Graphing build sizes

bergzand · 11 October 2017 14:59

Hello,

One of the issues from the CI discussion at the RIOT summit was the tracking and graphing of the nightly build sizes. After some instructions from Kaspar for getting the JSON files I got something working here:

https://riot-graphs.snt.utwente.nl/dashboard/db/demonstrator?orgId=1

For now I want to keep it up to date by running my script as a cron every night approximately after the nightly build. The source code of the script that parses and pushes the values to the database can be found at my github [1].

The dashboard is now a simple Grafana templated dashboard where a test and a board can be selected. I'd like to expand this by creating a dashboard for every test or for every board. The most difficult thing for now is to present the huge amount of data in a clear and concise way. Input on this and the overview in general is most welcome.

Koen

[1]: https://github.com/bergzand/RIOT-graphs

miri64 · 11 October 2017 15:10

Hi Koen,

Wow, +1!

Cheers, Martine

Kaspar · 11 October 2017 15:36

Hi Koen,

tcschmidt · 11 October 2017 17:04

Hi Koen,

really great: please let us know once you are ready for a deployment.

Best, thomas

Kaspar · 12 October 2017 09:19

Hey Koen,

For now I want to keep it up to date by running my script as a cron every night approximately after the nightly build.

If we'd build the in-between HEAD commits, would your script pick them up?

The dashboard is now a simple Grafana templated dashboard where a test and a board can be selected.

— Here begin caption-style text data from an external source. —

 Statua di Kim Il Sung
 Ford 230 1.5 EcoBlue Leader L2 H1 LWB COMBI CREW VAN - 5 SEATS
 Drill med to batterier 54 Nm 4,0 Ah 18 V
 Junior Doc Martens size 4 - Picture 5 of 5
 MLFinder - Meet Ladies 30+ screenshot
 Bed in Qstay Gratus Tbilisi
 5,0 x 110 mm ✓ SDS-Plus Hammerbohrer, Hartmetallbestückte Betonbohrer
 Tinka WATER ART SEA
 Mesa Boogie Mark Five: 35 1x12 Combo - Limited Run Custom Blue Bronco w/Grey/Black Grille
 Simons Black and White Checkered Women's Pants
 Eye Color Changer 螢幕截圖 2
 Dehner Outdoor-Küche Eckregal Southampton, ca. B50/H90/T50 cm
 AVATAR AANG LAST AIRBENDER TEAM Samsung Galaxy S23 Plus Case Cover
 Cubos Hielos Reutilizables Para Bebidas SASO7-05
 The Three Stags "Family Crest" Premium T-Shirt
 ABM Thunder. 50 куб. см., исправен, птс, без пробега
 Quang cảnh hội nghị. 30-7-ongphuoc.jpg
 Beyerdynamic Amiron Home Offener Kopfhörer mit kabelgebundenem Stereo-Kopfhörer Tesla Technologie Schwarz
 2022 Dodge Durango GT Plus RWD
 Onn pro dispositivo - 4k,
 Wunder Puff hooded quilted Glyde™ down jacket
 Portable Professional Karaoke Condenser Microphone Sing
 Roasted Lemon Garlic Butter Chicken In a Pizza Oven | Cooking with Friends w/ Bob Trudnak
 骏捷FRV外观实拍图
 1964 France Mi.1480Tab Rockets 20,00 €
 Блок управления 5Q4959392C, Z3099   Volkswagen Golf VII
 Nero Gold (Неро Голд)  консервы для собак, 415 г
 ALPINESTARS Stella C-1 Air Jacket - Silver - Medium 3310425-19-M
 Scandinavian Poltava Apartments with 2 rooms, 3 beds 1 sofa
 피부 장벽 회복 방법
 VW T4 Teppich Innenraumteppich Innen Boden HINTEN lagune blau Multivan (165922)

I'd like to expand this by creating a dashboard for every test or for every board. The most difficult thing for now is to present the huge amount of data in a clear and concise way. Input on this and the overview in general is most welcome.

Is it possible to put the commit hash into each step? If I move my mouse over a graph, each point shows a pop-up with the timestamp. It would be very useful to see which commit that belongs too. Maybe even with a link to the PR page on github?

Kaspar

bergzand · 12 October 2017 13:02

-----BEGIN PGP SIGNED MESSAGE----- Hash: SHA256

Hey,

Hey Koen, > > On 10/11/2017 04:59 PM, Koen Zandberg wrote: >> For now I want to

keep it up to date by running my script as a cron >> every night approximately after the nightly build. > > If we'd build the in-between HEAD commits, would your script pick them up? If that means I can grab the JSON files based on the merge commit hashes, it shouldn't be that much work to integrate. At that point it might be easier to integrate this work into the CI to trigger it after such a build.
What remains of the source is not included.